**WORK TASK:** With images removed, return the whole listing exactly as written.

**GIVEN MATERIAL:**
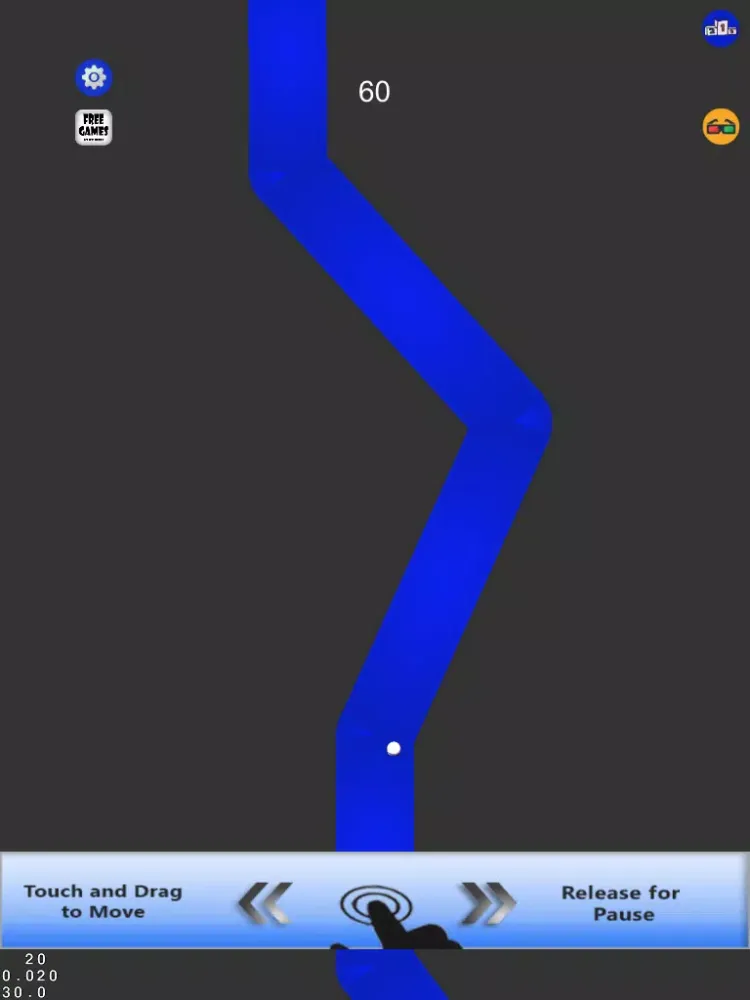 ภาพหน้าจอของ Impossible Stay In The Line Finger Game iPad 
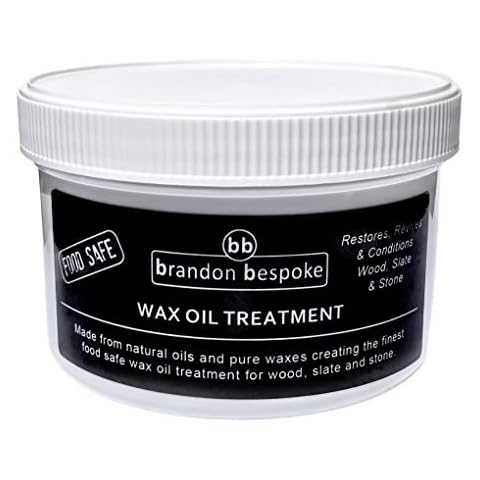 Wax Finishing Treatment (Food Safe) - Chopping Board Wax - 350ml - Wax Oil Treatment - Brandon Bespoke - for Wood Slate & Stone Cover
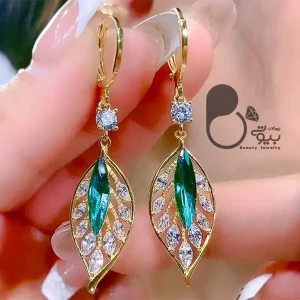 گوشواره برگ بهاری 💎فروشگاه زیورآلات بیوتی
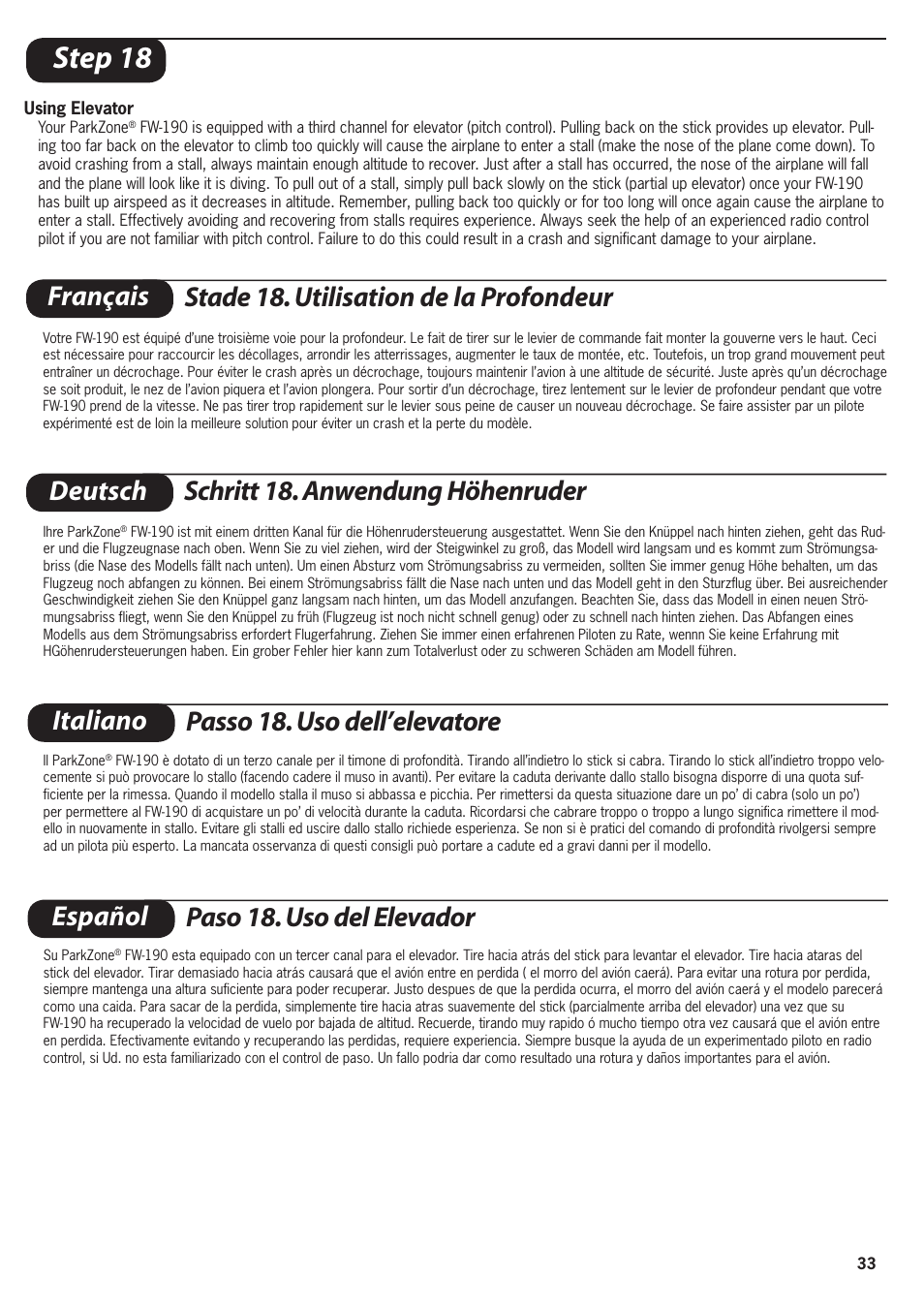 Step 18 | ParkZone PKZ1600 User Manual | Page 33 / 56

**ANSWER SECTION:**
 ภาพหน้าจอของ Impossible Stay In The Line Finger Game iPad 
 Wax Finishing Treatment (Food Safe) - Chopping Board Wax - 350ml - Wax Oil Treatment - Brandon Bespoke - for Wood Slate & Stone Cover
 گوشواره برگ بهاری 💎فروشگاه زیورآلات بیوتی
 Step 18 | ParkZone PKZ1600 User Manual | Page 33 / 56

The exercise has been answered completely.